The U.S. is turning to foreign governments and other overseas investors to buy a good chunk of what could total $700 billion in Treasury debt expected to finance the bailout. Foreign investors also are needed to shore up the depleted capital of the nation's financial institutions, seen in the plan by Japan's Mitsubishi UFJ Financial Group to buy a large stake in Morgan Stanley, which is weighed down by bad debt and market distrust.
Sure....we will love to buy your $700 Billion worth of bonds just after passing a $600 Billion dollar spending bill....how about paying us double the interest rate? And guess what..... anyone that wants to borrow money...it is going to get a lot harder.
This too from the WSJ:
Lenders are tightening credit to restaurant franchisees in a shift that could make it harder for owners to remodel existing locations and buy new restaurants.

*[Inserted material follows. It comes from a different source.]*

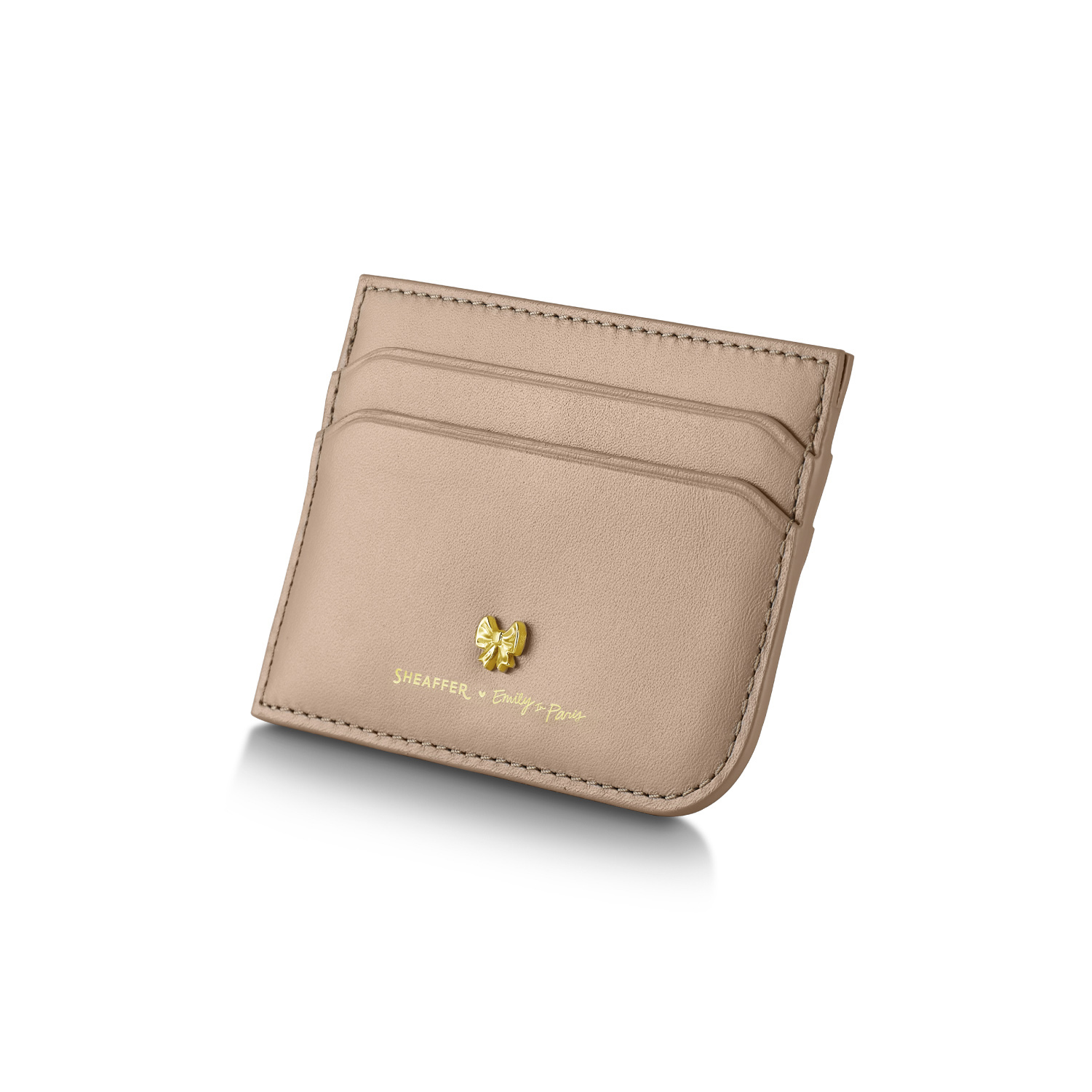 Sheaffer 100 Emily in Paris Champagne Gold GT Kugelschreiber and Credit Card Holder Set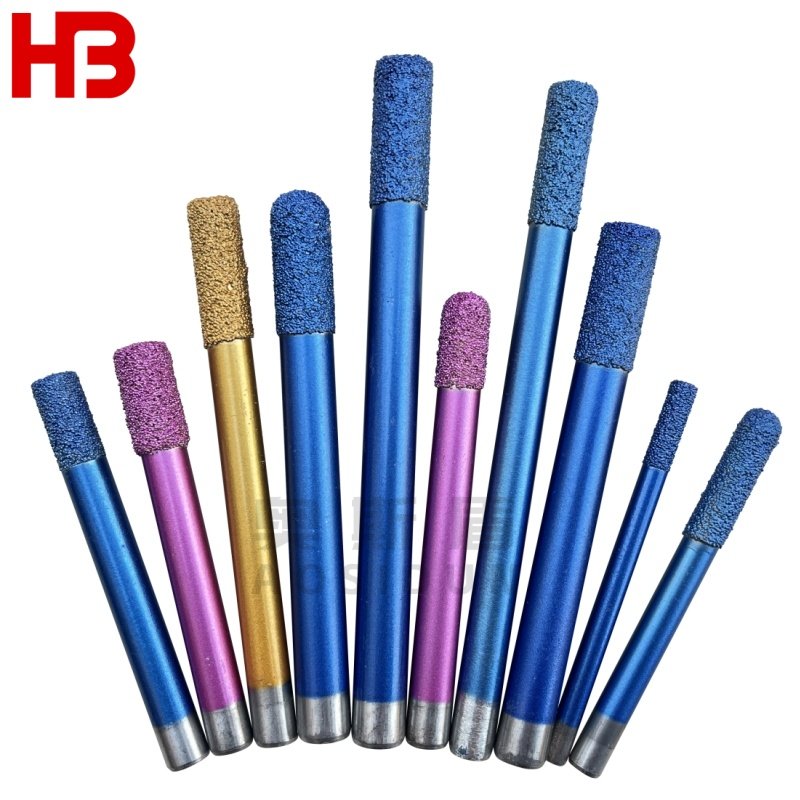 数控石材雕刻机石英石大理石青石砂岩切割镂空钎焊平底球头雕刻刀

You think its tough to borrow now...just wait until the economy slows further and interest rates skyrocket. Congress and our president is destroying our economy in exchange for saving the banks.....does that seem like a fair trade off.
I know....nobody has told you yet that the economy will fall into a depression/deep deep recession even if the bill is passed.
Alstry just did......and his track record and a number of other CAPs players is a whole lot better then Wall Street's or this administration.